Figure 1.1: Lloyd's Algorithm Variation Engineering Model Simulation: Left: An initial distribution of points in a convex polygon, akin to an initial vehicle deployment in a search region. Right: The distribution of points after several iterations of Lloyd's algorithm.
The algorithm reaches a stable state when all nodes have simultaneously reached their set point (by default the centroid of each node's Voronoi cell). A tolerance range can be configured, to allow the nodes to achieve their stable state sooner.
In distributing the vehicles, the goals, or performance metrics, are to (a) minimize the variance in area of each vehicle's Voronoi cell, (b) minimize the time for the group to achieve a steady state, (c) minimize the distance traveled for each vehicle, and others. There are three mission variations that have provided motivation due to needs from related ongoing efforts. These are discussed next.
1.1 Distributed Environmental Monitoring [top]
In the first application area the goal is to deploy multiple vessels to a region, each equipped with environmental sensors. In certain aquaculture installations, real time environmental monitoring is highly valued. We are working with a small sailboat company, Marine Robotics, LLC, in Maryland who engage with oyster farmers in Chesapeake Bay. We are developing the distributed coverage algorithms described here along with autonomous sailing methods. MIT has had a single autonomous sailboat on campus since Fall of 2021, with the goal of deploying multiple vehicles in the next year.
Figure 1.2: Distributed Environmental Monitoring: Left: An autonomous sailboat by Marine Robotics LLC in Maryland. Right: A simulation of 11 vehicles in a region near Saxis Maryland near an oyster farm installation.
In this application the initial objective is to achieve a Voronoi covering of the region of interest, optimizing the metrics of minimizing Voronoi cell variance, travel time, and travel distance. The extra challenge lies in achieving these objectives with a sailing vessel which is limited by the prevailing wind direction and magnitude . The current approach is to implement both components of the algorithm as distinct IvP behaviors, each optimizing their respective performance metrics, reconciled by the multi-objective optimization engine of the IvP helm.
1.2 Distributed Sensing for ASW [top]
In the second application area involving the Voronoi family of algorithms, the goal also begins with deploying multiple vessels to a region. Rather than being deployed with environmental sensors, they are deployed with sensors for detecting other vessels moving through the region. This is essentially to replicate a distributed anti-submarine warfare (ASW) domain.
Figure 1.3: Distributed ASW Mission: Left: A simulated mission involving the Sea of Japan. Fifty vehicles are deployed from three distinct launch points. Right: A simulation of the 50 deployed vehicles, at a point of near uniform coverage. The simulation ran on a cluster of 50 networked RasPi computers, periodically sharing position information between neighbors.
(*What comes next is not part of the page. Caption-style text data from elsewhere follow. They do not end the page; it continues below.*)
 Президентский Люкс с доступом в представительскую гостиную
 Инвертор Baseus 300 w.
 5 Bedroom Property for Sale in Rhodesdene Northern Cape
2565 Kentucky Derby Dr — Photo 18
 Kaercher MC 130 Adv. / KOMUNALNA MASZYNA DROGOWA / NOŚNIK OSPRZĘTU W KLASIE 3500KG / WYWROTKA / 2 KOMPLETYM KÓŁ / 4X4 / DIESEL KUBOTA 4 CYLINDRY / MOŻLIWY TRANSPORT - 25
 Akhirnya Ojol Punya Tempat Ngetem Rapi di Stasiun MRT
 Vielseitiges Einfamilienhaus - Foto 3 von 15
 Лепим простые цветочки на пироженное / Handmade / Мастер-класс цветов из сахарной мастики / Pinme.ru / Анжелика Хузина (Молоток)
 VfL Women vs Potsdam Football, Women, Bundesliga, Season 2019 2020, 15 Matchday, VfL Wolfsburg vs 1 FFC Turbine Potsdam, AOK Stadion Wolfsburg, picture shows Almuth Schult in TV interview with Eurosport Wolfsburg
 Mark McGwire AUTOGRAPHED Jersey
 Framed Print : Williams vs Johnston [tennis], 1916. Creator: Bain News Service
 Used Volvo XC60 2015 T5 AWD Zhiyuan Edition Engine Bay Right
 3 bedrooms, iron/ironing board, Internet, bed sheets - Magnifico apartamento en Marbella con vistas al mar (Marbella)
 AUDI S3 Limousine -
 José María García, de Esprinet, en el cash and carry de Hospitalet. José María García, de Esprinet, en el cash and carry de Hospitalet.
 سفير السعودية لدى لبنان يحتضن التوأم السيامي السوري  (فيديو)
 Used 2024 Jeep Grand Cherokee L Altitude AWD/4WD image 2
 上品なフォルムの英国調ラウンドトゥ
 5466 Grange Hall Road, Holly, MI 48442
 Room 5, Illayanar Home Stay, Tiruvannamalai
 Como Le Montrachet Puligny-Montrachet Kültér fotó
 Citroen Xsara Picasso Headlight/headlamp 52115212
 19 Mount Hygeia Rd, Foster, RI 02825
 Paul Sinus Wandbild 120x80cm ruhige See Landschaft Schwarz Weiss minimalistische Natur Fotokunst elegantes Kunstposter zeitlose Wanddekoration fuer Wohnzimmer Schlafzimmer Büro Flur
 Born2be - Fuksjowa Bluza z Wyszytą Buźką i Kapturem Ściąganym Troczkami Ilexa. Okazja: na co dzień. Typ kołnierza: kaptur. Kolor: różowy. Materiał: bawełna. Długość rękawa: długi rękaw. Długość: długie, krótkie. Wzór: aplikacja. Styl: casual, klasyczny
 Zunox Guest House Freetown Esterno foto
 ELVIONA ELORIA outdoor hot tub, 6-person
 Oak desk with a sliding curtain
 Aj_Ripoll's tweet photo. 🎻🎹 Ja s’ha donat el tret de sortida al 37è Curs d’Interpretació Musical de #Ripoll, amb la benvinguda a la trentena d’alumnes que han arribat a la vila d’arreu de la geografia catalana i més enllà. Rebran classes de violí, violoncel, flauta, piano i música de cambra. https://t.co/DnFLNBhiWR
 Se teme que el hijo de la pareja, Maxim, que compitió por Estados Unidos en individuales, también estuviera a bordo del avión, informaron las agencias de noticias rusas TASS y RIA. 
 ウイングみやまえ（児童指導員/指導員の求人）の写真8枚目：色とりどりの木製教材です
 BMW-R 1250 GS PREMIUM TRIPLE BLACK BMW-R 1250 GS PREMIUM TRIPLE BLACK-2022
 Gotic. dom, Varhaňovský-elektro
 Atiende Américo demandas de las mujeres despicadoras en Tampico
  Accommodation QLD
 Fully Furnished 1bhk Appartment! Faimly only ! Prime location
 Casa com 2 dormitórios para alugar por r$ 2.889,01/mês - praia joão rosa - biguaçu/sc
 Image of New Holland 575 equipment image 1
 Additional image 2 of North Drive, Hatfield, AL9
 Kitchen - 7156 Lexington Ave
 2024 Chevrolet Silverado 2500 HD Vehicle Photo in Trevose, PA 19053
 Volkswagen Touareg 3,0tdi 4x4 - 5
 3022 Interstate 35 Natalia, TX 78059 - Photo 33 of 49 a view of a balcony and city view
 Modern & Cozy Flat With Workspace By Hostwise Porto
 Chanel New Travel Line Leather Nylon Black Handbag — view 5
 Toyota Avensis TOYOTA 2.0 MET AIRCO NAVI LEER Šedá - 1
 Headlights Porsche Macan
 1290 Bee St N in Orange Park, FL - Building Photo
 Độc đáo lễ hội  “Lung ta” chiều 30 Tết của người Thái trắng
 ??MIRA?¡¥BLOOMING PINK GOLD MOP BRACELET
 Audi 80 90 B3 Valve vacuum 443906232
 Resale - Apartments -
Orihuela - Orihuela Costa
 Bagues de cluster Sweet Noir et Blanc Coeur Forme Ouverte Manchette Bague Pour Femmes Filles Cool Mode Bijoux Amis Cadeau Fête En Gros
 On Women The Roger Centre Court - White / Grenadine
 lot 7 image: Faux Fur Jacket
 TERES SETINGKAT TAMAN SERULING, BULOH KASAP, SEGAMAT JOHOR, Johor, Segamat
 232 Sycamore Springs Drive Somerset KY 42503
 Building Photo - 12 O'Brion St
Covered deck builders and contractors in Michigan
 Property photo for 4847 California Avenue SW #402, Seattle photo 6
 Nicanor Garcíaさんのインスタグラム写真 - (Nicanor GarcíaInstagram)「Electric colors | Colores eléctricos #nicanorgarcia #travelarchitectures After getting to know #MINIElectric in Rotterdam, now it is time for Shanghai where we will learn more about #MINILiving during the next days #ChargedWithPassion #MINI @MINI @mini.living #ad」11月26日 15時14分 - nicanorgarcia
One of our US Navy graduate students, LT Craig Evans, is developing missions based on this scenario to include simulated sensors, and randomly placed moving contacts through the field. Automated random simulations are conducted, varying sensor performance, target speed, and different patterns of movement for the deployed vehicles. LT Evans is expecting to complete his work in August 2022.
1.3 Multi-Vehicle Mustering [top]
In the third application area involving the Voronoi family of algorithms, the goal does not involve distributed sensing. In this case the goal is to deploy N vehicles to a muster region. This region is also a convex polygon as in the previous two mission types, but in this case the region is much smaller, and the goal is to transit the group of vehicles to the region and muster, or wait until a follow-on mission mode. The idea is to use the Voronoi algorithms in a Muster behavior to ensure vehicles maintain a separation from each other rather than relying purely on a collision avoidance behavior. The collision avoidance behavior is still used, but the Muster behavior helps avoid situations where collision avoidance measures are needed to begin with.
Figure 1.4: Four Vehicle Muster: Four-vehicle Muster Four vehicles approach a muster region. As each vehicle enters the region the Voronoi decomposition is shown. When the first vehicle enters, there is only one region. When the second vehicle enters, there are two regions, and so on. Upon each new vehicle, the local regions for each vehicle may change. The change in local region shape affects the set point toward which the vehicle is driving toward.
Compared to methods that assign a wait point to each vehicle, the muster behavior is preferred for two reasons (a) the single muster region is a simpler mission plan to construct that scales with the number of vehicles, and (b) with the single wait-point method, occasionally a vehicle will need to maneuver around other vehicles that arrived at their wait point earlier.
This behavior is defined in the lib_bhv_muster library. It has been field tested on four Heron USVs on the Charles River, and has been integrated into the DARPA Sea Train autonomy system for mustering the four vehicles in several mission sub-modes for that project.